Trotzdem noch einmal: Die Grundlage für diese streitige Diskussion – sicher nicht nur für ein einfaches Abarbeiten der Reihe nach – ist geleistet worden. Dafür danke ich.
Jetzt gibt es in den nächsten Wochen und Monaten und auch Jahren genügend Gelegenheit, sich anzugucken: Wie kann man punktuell damit umgehen? Was ändert sich ständig an Voraussetzungen, die heute lange schon wieder nicht mehr die sind, unter denen Sie mit der Arbeit begonnen haben? Aber wer weiß das besser als jemand, der das bei einer Haushaltsplanung ebenso zu verantworten und zu vertreten hat?
Deswegen noch einmal: Herzlichen Dank für die geleistete Arbeit und gemeinsam viel Vergnügen bei der Diskussion der Punkte, die dabei herausgekommen sind!
Sehr geehrte Frau Präsidentin! Meine sehr geehrten Damen und Herren! Der demografische Wandel ist keine Naturkatastrophe, die über uns hereinbricht, sondern wir können dagegen steuern mit demografischer Vorsorgepolitik. Wenn wir wissen, dass uns in Zukunft die Fachkräfte fehlen, dann müssen wir gegensteuern. Aber woher nehmen, wenn nicht stehlen?
Wir haben bislang viel über die Bereiche öffentlicher Dienst, Haushalt, Finanzprobleme oder auch finanzielle Herausforderungen gehört. Ich würde mich gerne auf die Bereiche Wirtschafts- und Arbeitspolitik sowie Gesundheitspolitik konzentrieren.

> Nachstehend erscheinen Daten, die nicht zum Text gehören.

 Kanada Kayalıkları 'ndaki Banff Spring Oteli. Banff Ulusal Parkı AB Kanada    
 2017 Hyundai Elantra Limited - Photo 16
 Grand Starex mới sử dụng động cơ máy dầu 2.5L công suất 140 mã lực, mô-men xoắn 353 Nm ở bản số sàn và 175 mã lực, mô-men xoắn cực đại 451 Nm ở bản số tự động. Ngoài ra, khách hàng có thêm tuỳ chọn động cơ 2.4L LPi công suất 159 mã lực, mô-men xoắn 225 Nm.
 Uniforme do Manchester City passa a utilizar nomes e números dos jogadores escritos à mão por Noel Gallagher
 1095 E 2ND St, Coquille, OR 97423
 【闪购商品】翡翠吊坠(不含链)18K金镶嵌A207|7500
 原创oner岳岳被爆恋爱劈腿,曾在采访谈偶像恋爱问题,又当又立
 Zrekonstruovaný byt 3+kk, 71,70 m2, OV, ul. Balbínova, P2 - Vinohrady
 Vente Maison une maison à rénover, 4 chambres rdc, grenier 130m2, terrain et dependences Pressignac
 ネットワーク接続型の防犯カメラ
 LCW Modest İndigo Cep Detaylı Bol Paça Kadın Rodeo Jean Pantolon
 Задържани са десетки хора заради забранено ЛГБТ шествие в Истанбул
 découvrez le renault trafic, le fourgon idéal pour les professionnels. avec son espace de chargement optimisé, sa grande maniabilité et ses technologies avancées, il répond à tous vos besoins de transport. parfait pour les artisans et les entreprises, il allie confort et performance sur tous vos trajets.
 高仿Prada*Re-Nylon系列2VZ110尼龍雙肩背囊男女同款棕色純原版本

Die Aufgabe der Politik ist es, dass das Erwerbspersonenpotenzial stärker ausgeschöpft wird. Hinter diesen sehr technischen Termini steckt natürlich ein handfestes Problem. Denn einige Gruppen am Arbeitsmarkt sind in NRW zu wenig präsent. Hierzu gehören auch die Frauen. Ich gebe Ihnen gerne ein Zitat aus den Handlungsempfehlungen zu dieser Thematik:
„Staatliches Handeln muss aktiv zur Verwirklichung gleicher Chancen für Frauen beitragen. Dazu zählt auch, Wahlfreiheit zu ermöglichen und Fehlanreize zu vermindern.“
Ich möchte übrigens auch ein ausdrückliches Lob an die Kollegen und Kolleginnen der CDU aussprechen, die hier in der Enquete deutlich weiter sind als die Kollegen in Bayern.
Im Rahmen der Enquete haben immer wieder Sachverständige zu den Themen angehört. Deshalb möchte ich hier auch ausdrücklich auf Prof. Gerhard
Mit dem Betreuungsgeld und der Heraufsetzung der Minijobgrenze wurden die Subventionen für dieses überholte Modell – zur Erklärung: Hauptverdiener und Zuverdienst der Ehefrau – sogar noch einmal kräftig erhöht. Die Kombination von abgeleiteter Krankenversicherung, Ehegattensplitting und Minijobs setzt starke Anreize für marginale Teilzeitverhältnisse und diskriminiert sozialversicherungspflichtige Beschäftigung.
Ich bin sehr froh, dass alle Fraktionen, die in dieser Enquetekommission mitgearbeitet haben, das genauso gesehen haben, meine Damen und Herren, und deswegen fordern wir in den Handlungsempfehlungen auch unter anderem die Unternehmen dazu auf, die Familienverträglichkeit von Arbeitszeitmodellen noch stärker ins Auge zu fassen.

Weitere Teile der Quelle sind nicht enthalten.